I remember the last summer with my mother I felt the impact of memory loss. I used to love my walks with her in Maine. We would meet on a path and wander to the south Isle End and then down the east shore looking out to sea or wherever our conversations might carry us. I loved talking about family dynamics with her-- both about my siblings, but also about her own brothers and sister and her memories of her mother and father. Our rambling conversations gave me distance and empathy for her choices and losses. They enlightened my own struggles of identity with my brothers, husband, child and as an artist.
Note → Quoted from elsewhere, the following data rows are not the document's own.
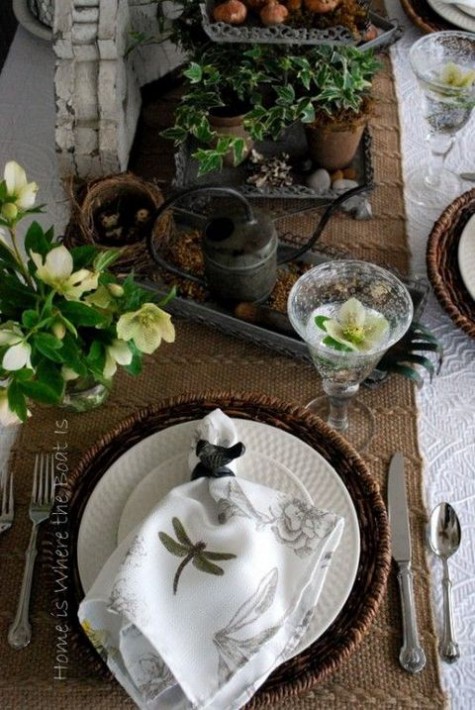 spring_table_36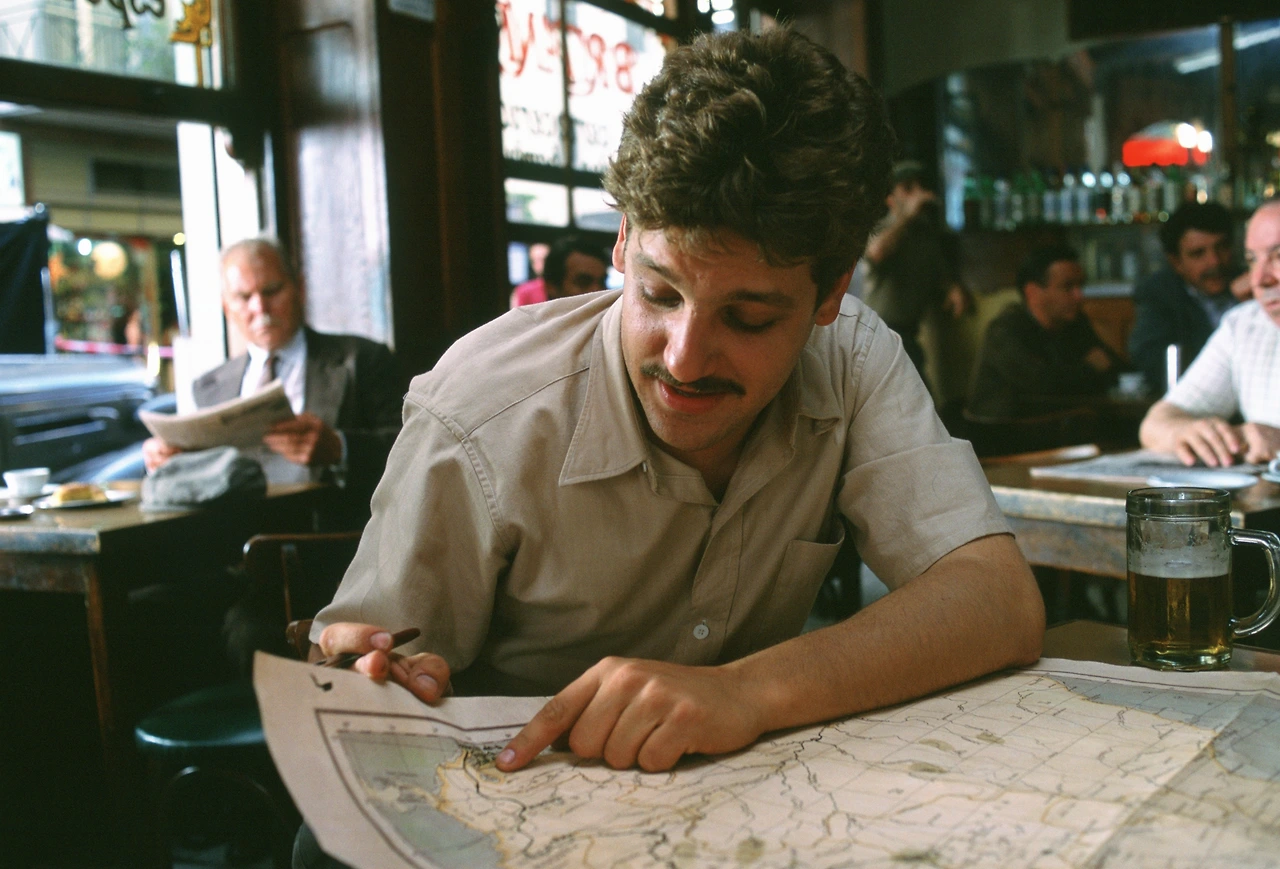 모터싸이클 다이어리 02.jfif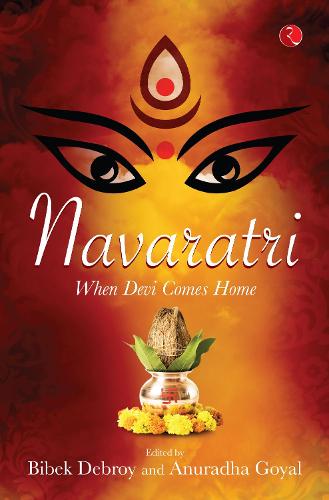 Navaratri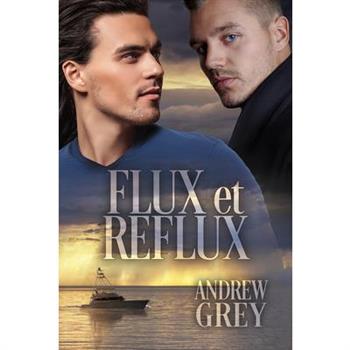 Flux et reflux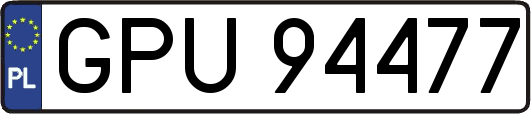 GPU94477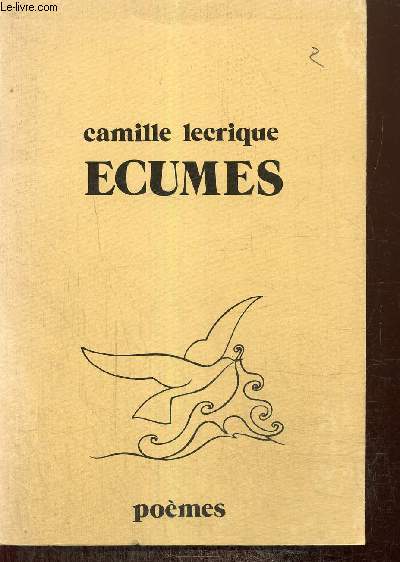 Ecumes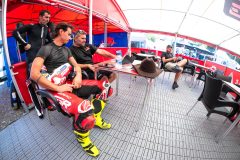 supermoto-0415-6_Ferran_Cardus_Gonzalez__64_Sylvain_Bidart-260911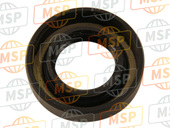 91252HA7671, Oil Seal,22X40X9, Honda, 2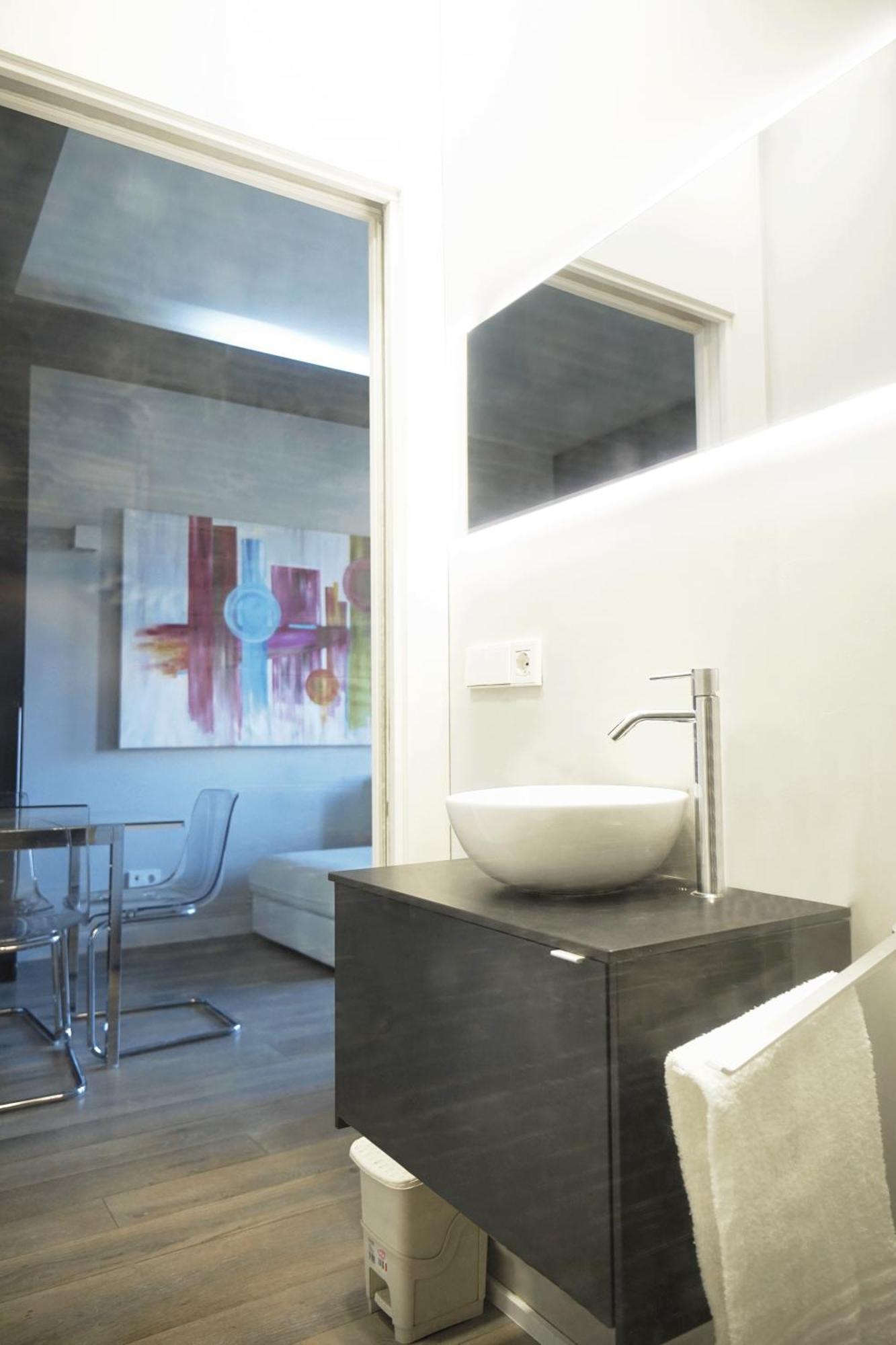 Jewel Apartment Milano Dış mekan fotoğraf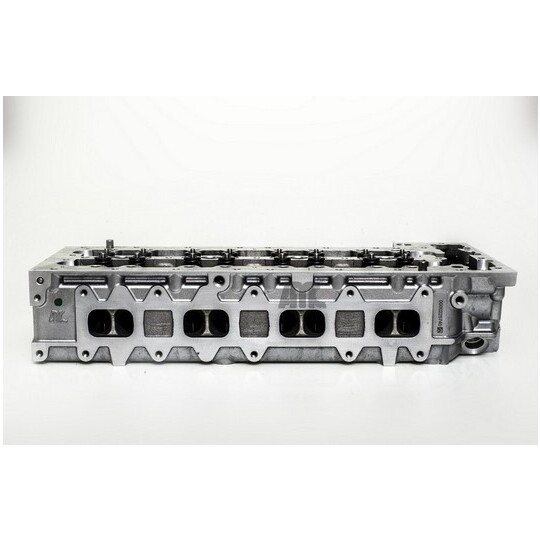 910646K - Cylinder Head 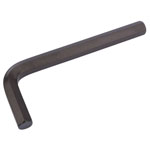 Draper 33565 12mm Metric Hexagon Key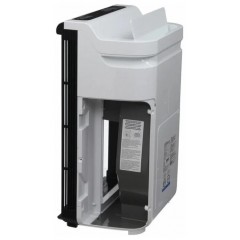 Климатический комплекс IClima LUX-8000W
That last summer I had made a plan. I was going to be on the island for twenty-one days. So I thought I would write about the planned twenty-one conversations with my mother. However when I arrived it was apparent that her memory had vanished. Those family dynamics were a mystery; her love of politics was now history. She was forgetting and I was struggling with letting go. I wrote, but my pages held different insights than the ones I had imagined. We walked and talked and I found I had to be in the moment. I had to look where she looked, to talk about how close certain island houses are to each other or how two trees created an "X." We laughed our way through the nights when she lost the salad she had made for dinner or the cookies she had hidden for dessert. When everything else was gone we were standing together looking in the same direction rich in the loss and prosperous in our connection of the moment.
"The art is not one of forgetting but letting go. And when everything else is gone, you can be rich in loss."